Dataset section -
%%

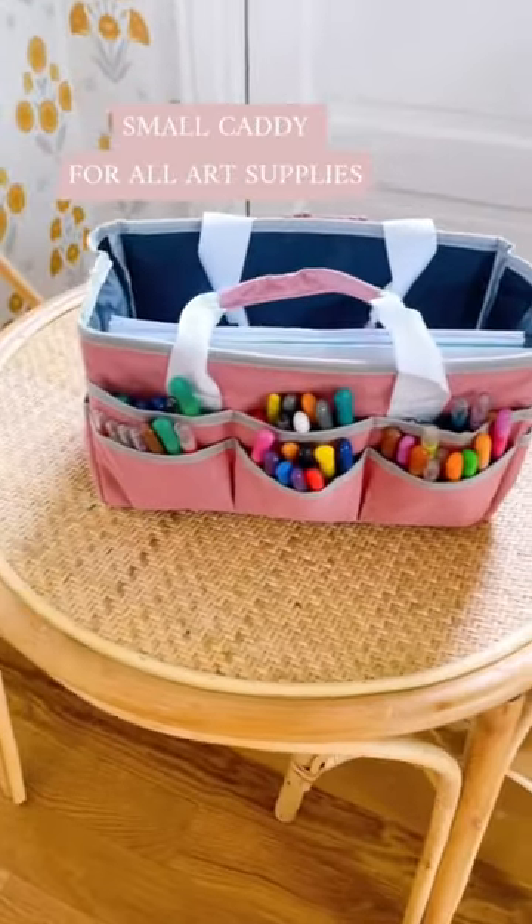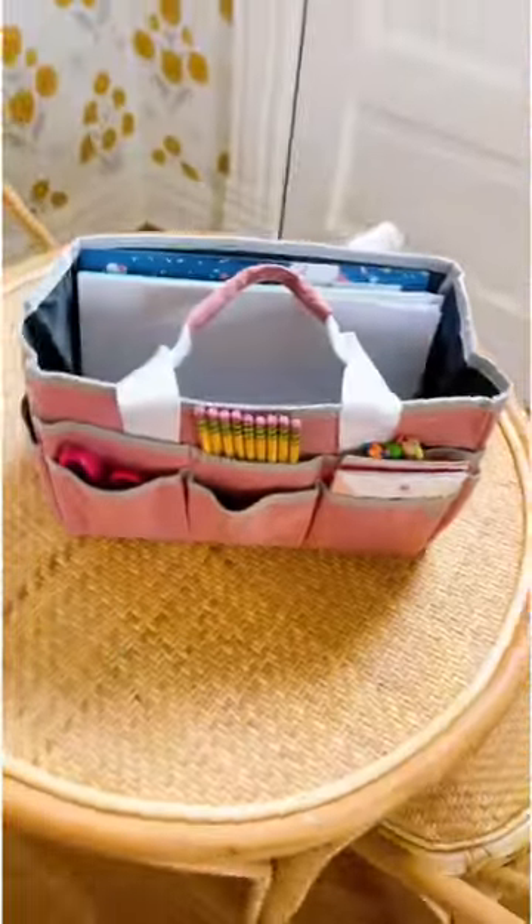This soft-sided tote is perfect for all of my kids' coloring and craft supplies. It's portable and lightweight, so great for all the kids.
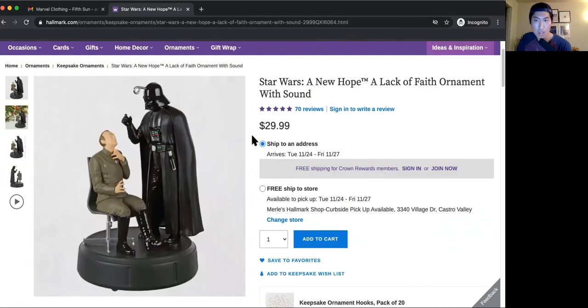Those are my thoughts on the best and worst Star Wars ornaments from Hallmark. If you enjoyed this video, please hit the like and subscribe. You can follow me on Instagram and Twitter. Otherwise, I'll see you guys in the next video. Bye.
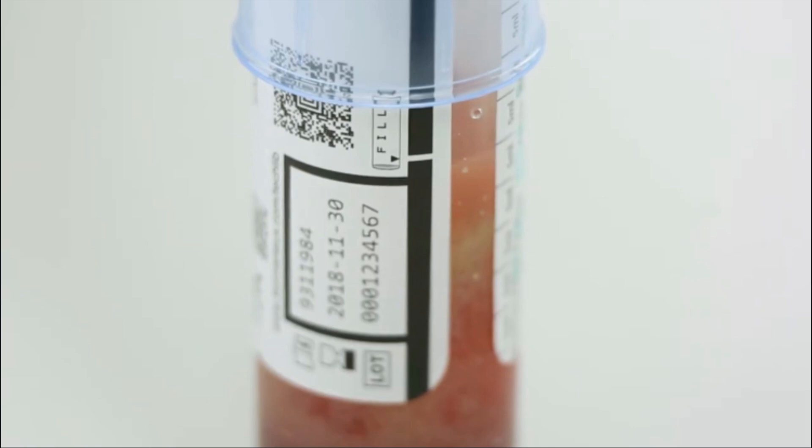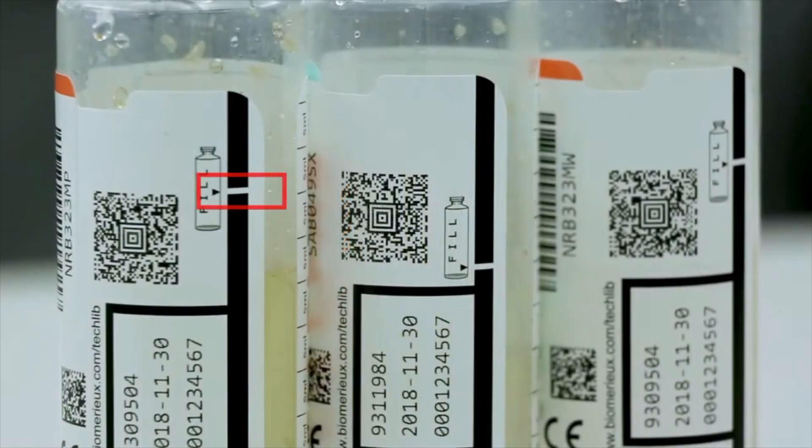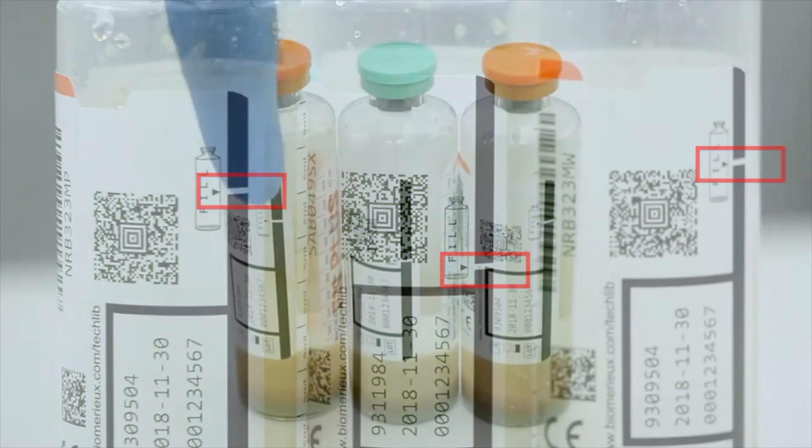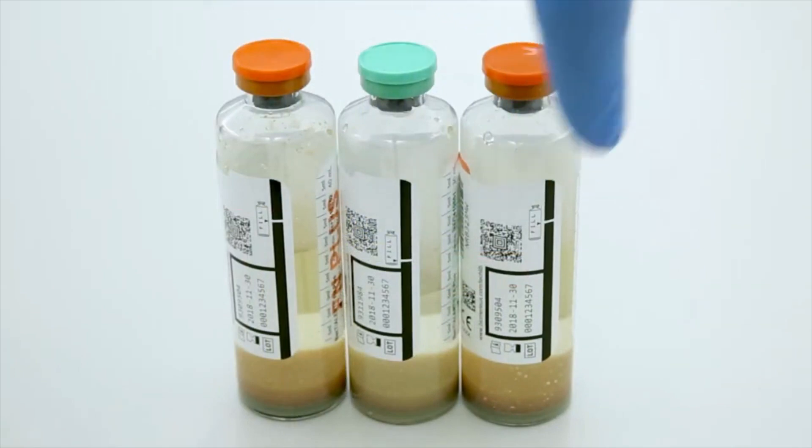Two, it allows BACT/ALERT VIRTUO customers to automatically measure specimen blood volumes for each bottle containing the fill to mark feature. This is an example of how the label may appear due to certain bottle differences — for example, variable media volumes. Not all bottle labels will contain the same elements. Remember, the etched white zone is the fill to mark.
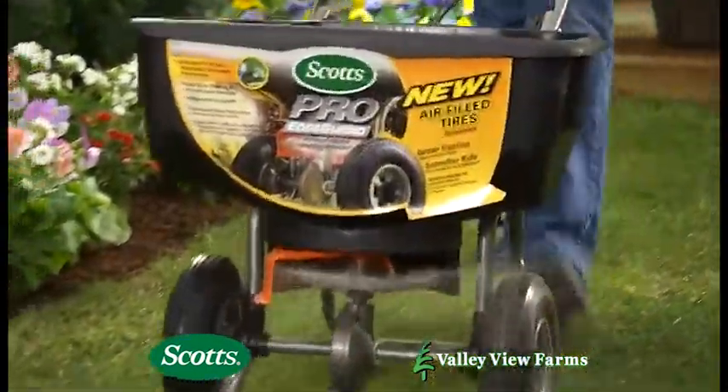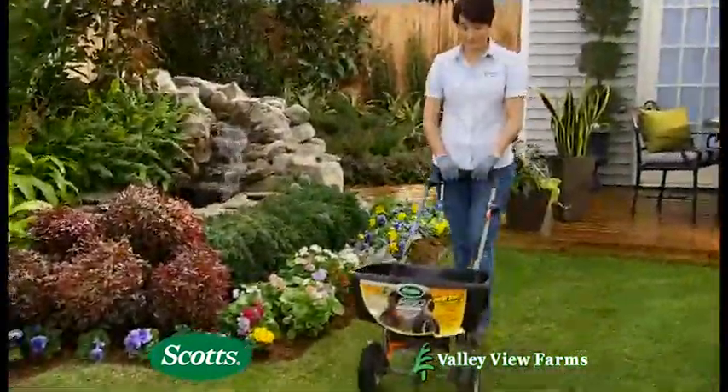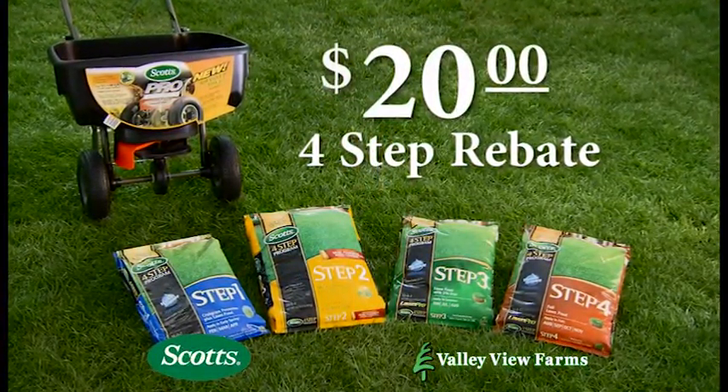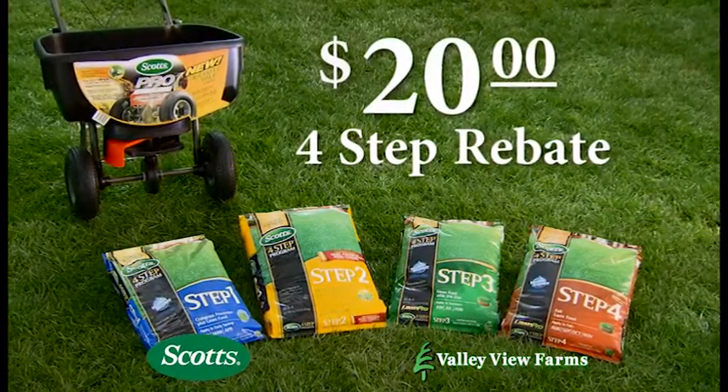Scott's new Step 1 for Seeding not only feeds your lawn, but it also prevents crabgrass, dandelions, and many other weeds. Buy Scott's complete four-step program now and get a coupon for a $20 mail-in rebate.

%%

Directions for this task -
When you output the listing, reproduce it exactly but drop its pictures.

Answer section -
This soft-sided tote is perfect for all of my kids' coloring and craft supplies. It's portable and lightweight, so great for all the kids.
Those are my thoughts on the best and worst Star Wars ornaments from Hallmark. If you enjoyed this video, please hit the like and subscribe. You can follow me on Instagram and Twitter. Otherwise, I'll see you guys in the next video. Bye.
Two, it allows BACT/ALERT VIRTUO customers to automatically measure specimen blood volumes for each bottle containing the fill to mark feature. This is an example of how the label may appear due to certain bottle differences — for example, variable media volumes. Not all bottle labels will contain the same elements. Remember, the etched white zone is the fill to mark.
Scott's new Step 1 for Seeding not only feeds your lawn, but it also prevents crabgrass, dandelions, and many other weeds. Buy Scott's complete four-step program now and get a coupon for a $20 mail-in rebate.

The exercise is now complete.